For decades, researchers have suspected that the gargantuan basin was created by a head-on collision with a very large, very fast meteor. Such an impact would have ripped the moon’s crust apart and scattered chunks of lunar mantle across the crater’s surface, providing a rare glimpse at what the moon is really made of. (Spoiler: It’s not cheese.) That theory gained some credence earlier this year, when China’s Yutu-2 rover, which settled into the bottom of the crater aboard the Chang’e 4 lander in January, discovered traces of minerals that seemed to originate from the moon’s mantle.
Now, however, a study published Aug. 19 in the journal Geophysical Research Letters throws those results — and the crater’s origin story — into question. After analyzing the minerals in six plots of soil at the bottom of the South Pole-Aitken basin, a team of researchers argues that the crater’s composition is all crust and no mantle, suggesting that whatever impact opened the crater billions of years ago did not hit hard enough to spray the moon’s innards onto the surface.
“We are not seeing the mantle materials at the landing site as expected,” study co-author Hao Zhang, a planetary scientist at the China University of Geosciences, said in a statement. These findings all but rule out a direct collision with a high-velocity meteor and raise the question: What, if not a head-on meteor strike, created the largest crater on the moon?
Lighting up the dark side
In their new study, the researchers used a technique called reflection spectroscopy to identify specific minerals in the lunar soil based on how individual grains reflected visible and near-infrared light.

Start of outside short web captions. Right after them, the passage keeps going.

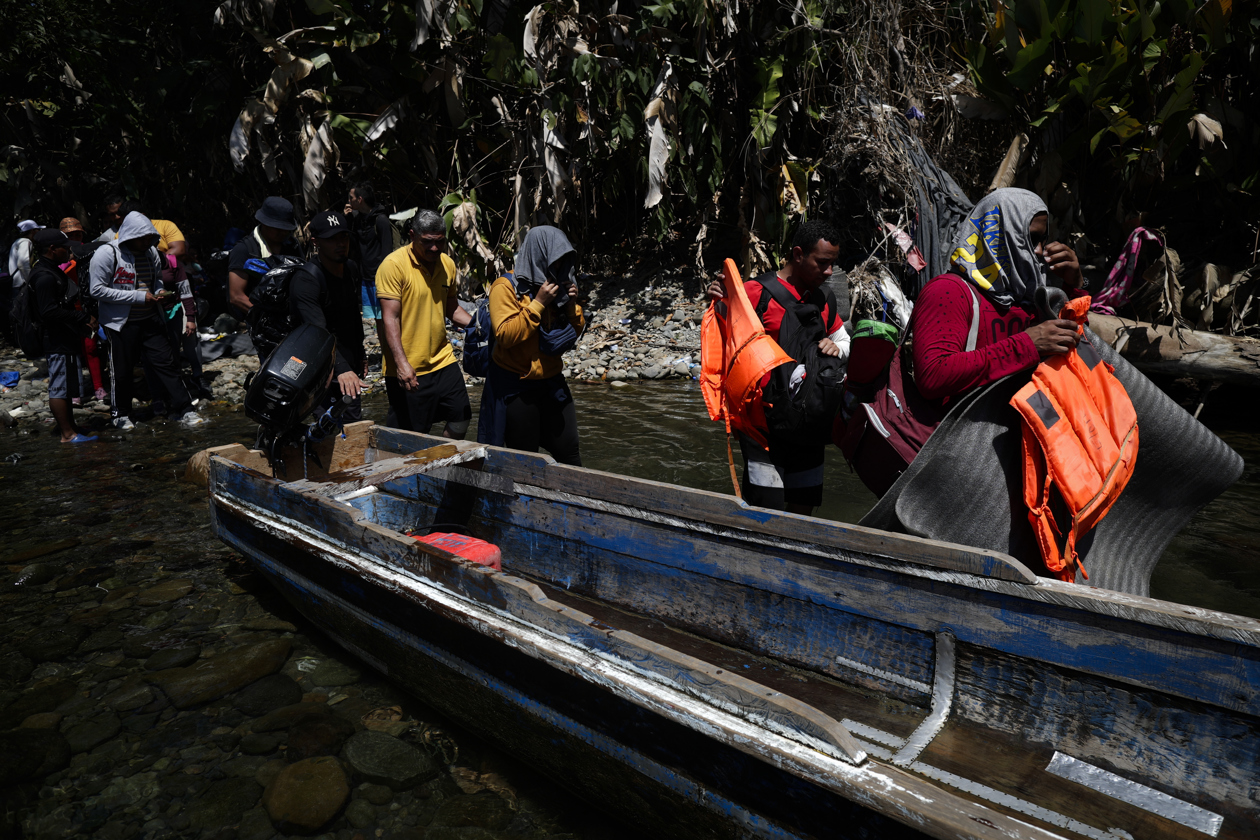 Migrantes en la selva del Darién.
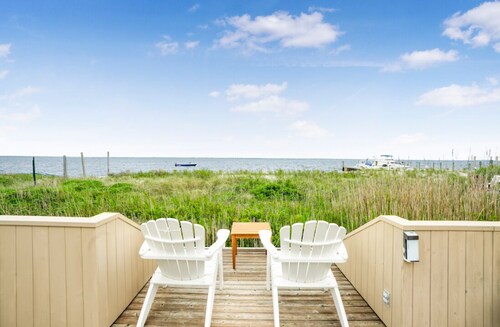 Bayfront Home with all amenities located in the Iconic LGBT Fire Island Pines,
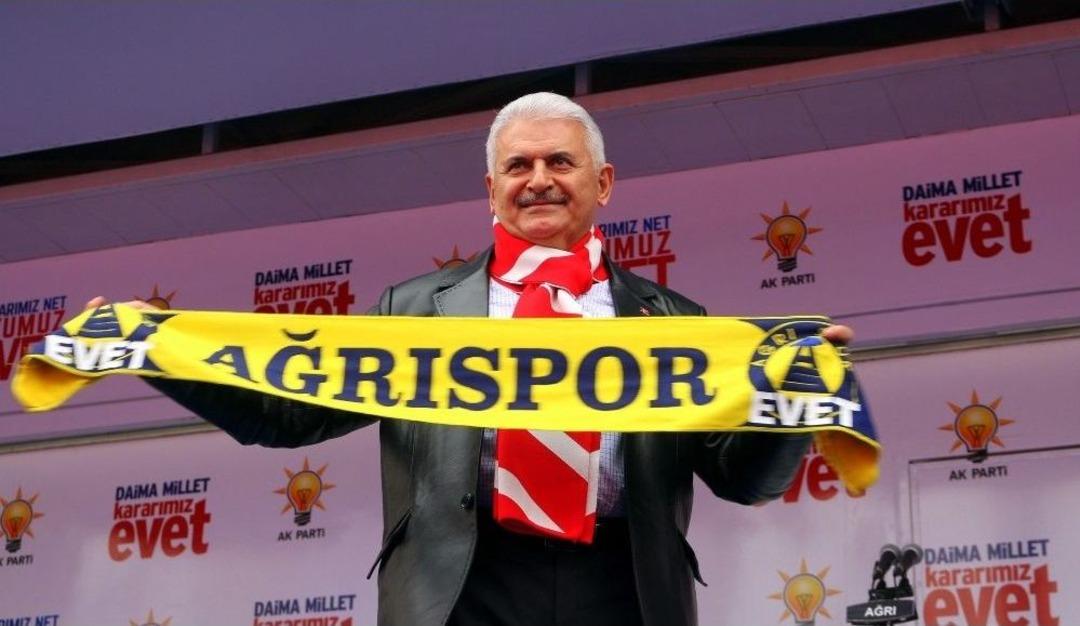 Başbakan Yıldırım: "15 Temmuz&rsquo;da Ter&ouml;r &Ouml;rg&uuml;tlerinin Maskesi D&uuml;şt&uuml;&rdquo;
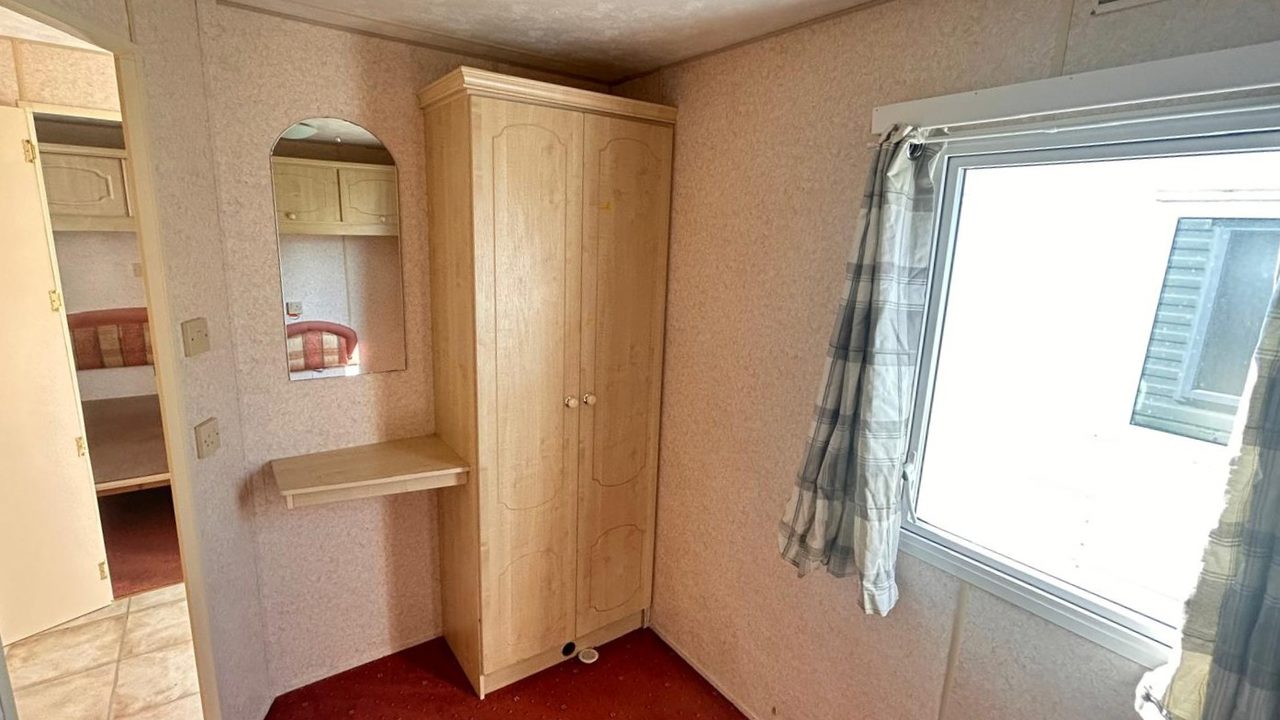 Westmorelands Wales Twin Room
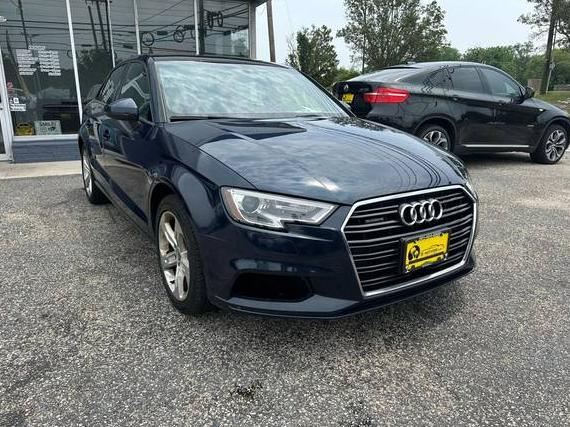 AUDI A3 2018 WAUB8GFF6J1094870 image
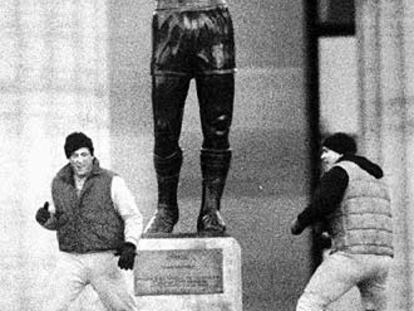 Stallone, caracterizado como <i>Rocky</i>, y Tommy Morrison como <i>Tommy Gunn</i> en una escena de <i>Rocky V</i> bajo la estatua en las escaleras del museo.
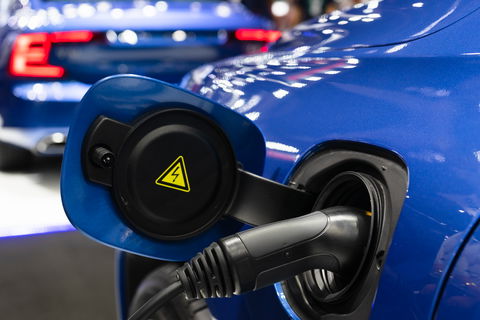 Do EV charge points need to be on dedicated circuits?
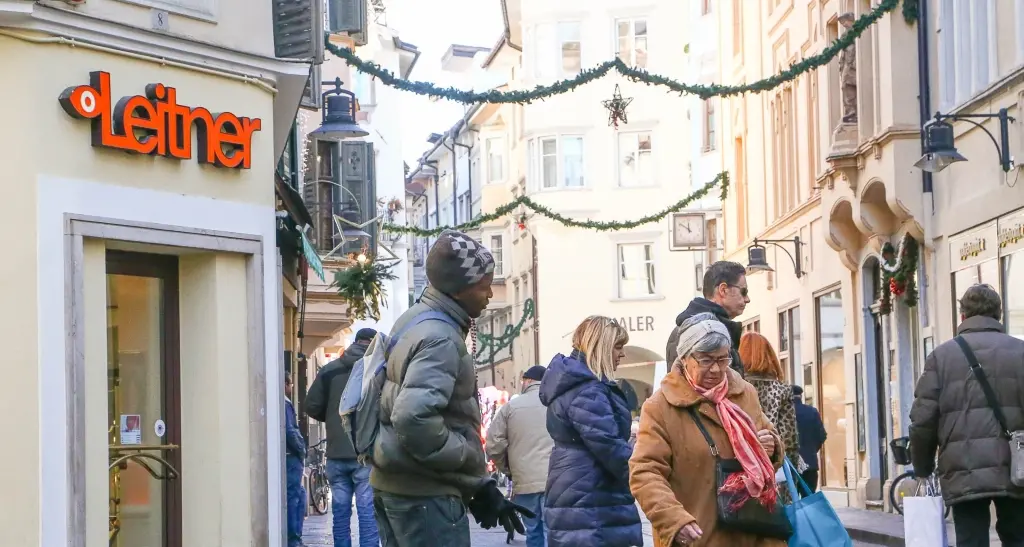 Bolzano, vietato l'accattonaggio molesto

Using equipment aboard the Yutu 2 rover, the team conducted reflectance tests on six patches of soil in the first two days following Chang’e 4’s landing, venturing about 175 feet (54 meters) away from the lander. With the help of a database that identifies lunar minerals based on a variety of factors — including size, reflectance and degradation due to solar wind — the team estimated the mineral concentration in each of the plots.
A crystalline rock called plagioclase was by far the most abundant mineral in each sample, accounting for 56% to 72% of the crater’s composition, the researchers wrote. Formed as primordial oceans of lava cool, plagioclase is extremely common in the crusts of Earth and the moon alike, but it’s less abundant in their mantles. Though the team detected other minerals in the crust that are more common in the moon’s mantle, such as olivine, these rocks made up too small a fraction of the soil samples to suggest that part of the mantle had broken through the crust.
This mineral makeup complicates the theory that a giant, high-velocity meteor created the South Pole‐Aitken basin billions of years ago, as such an impact almost certainly would have scattered chunks of mantle over the lunar surface.
So, what, then, created the crater? The researchers did not speculate in the new study. However, prior research has suggested that a renegade space rock is still the culprit, but the hit may not have been so direct. A study published in 2012 in the journal Science argued that a slightly slower-moving meteor could have struck the back of the moon at an angle of about 30 degrees and resulted in an appropriately large crater that never disturbed the moon’s mantle. However, those researchers had only simulations to go on.
If nothing else, the new research suggests that there’s a lot more exploring to do in the South Pole‐Aitken basin before an answer becomes apparent.